A la sueur de son corp
Bérengère Krief s’est longtemps donnée physiquement sur scène. A coups de changements de costumes, de décors, d’acrobaties sur un cerceau suspendu dans les airs… Avec l’expérience, elle s’est dépouillée. A compris que son meilleur outil, c’était elle. Elle s’impose dans le métier, s’ancre, rassurée par le succès de Sexe, elle qui a toujours douté. «Le manque de confiance est un chapitre qui ne se ferme jamais. Mais c’est plutôt intéressant. Tu comprends que tu es l’instrument. Tu ne sais pas comment l’accorder. Mais tu apprends peu à peu.»

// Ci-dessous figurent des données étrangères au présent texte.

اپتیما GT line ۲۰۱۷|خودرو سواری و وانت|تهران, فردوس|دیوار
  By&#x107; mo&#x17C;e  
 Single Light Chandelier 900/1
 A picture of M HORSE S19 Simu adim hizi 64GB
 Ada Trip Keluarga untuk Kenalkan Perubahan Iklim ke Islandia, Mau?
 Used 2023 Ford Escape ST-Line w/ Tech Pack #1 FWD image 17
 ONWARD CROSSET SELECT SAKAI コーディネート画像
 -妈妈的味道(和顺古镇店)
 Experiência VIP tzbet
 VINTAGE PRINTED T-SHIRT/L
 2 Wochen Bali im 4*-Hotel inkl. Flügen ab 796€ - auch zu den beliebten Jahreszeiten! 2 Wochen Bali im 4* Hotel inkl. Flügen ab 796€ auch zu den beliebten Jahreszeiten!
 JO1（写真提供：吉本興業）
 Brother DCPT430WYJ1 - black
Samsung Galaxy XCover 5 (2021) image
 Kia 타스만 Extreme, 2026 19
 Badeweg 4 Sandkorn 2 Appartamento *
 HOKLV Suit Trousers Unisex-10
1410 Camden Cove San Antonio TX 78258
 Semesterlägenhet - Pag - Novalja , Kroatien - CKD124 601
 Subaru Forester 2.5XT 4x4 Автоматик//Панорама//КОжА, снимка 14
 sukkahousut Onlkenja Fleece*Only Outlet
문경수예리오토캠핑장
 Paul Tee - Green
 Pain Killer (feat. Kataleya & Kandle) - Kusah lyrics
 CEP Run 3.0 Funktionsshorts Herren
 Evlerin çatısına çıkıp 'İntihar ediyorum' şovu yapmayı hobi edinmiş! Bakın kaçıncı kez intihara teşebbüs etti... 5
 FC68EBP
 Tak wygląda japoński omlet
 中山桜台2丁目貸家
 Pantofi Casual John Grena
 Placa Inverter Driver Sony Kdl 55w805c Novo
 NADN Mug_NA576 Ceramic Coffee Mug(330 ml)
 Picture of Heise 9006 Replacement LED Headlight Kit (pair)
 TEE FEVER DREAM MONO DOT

Si elle est passée une seule fois dans le cabinet d’une sexothérapeute, la thérapie est devenue une habitude. Les séances ont commencé par le succès soudain de Bref. «La notoriété m’avait dissociée de mon humanité», dit-elle. Coincée dans l’image de la blondinette un peu légère, et interloquée par ces gens qui l’abordaient constamment dans la rue, elle tente de répondre à la question vertigineuse : «Qui suis-je ?». Côté vie matérielle, ses réussites professionnelles lui ont permis d’acheter une maison sur la côte basque d’où elle contemple les couchers de soleil sur l’Océan, lieu qu’elle quitte uniquement pour le boulot.
Corps et âme
Bérengère Krief est du genre hypersensible. Répète qu’on a un corps mental et un autre émotionnel. Elle a apprivoisé ce corps contre lequel elle a longtemps été en colère. La nourriture est devenue peu à peu un plaisir, et plus un problème. Elle vient de se lancer dans des cours de dynamo cycling (rien à voir avec le sexe. Il s’agit de pédaler dans une salle vibrant au rythme d’une sono trop forte). Avec son coach, elle travaille sur la gestion de l’alimentation, le sport et les émotions qu’elle régule souvent grâce à la musique. Dans ses oreilles, «ses queens» : Céline Dion, Dua Lipa, Miley Cyrus, Britney Spears…
Et quand les ruminations l’envahissent, il lui reste ses journaux intimes. Elle y dépose tout ce qui l’encombre, «un nettoyage ! Je ne relis jamais, mais pense souvent à la personne qui pourrait tomber dessus…». Elle éclate de rire. Avant de dire plus sérieusement qu’elle croit en une forme de spiritualité, qu’elle évite la surinformation au risque de ne pas se lever tant elle se sent impuissante face aux horreurs délivrées par les JT. Elle ne vote pas toujours, et reconnaît seulement une sensibilité au discours écologique. Sa plus grande peur ? Le temps qui passe. Cette impossibilité de l’arrêter. De voir les gens partir. Et toutes ces premières fois qu’elle ne revivra plus. «Mais c’est aussi faire une place à celle qui se connaît mieux.»
16 avril 1983 Naissance à Lyon.
2009 Premier spectacle.
2011 Série Bref.
Janvier 2025 Tournée du spectacle Sexe.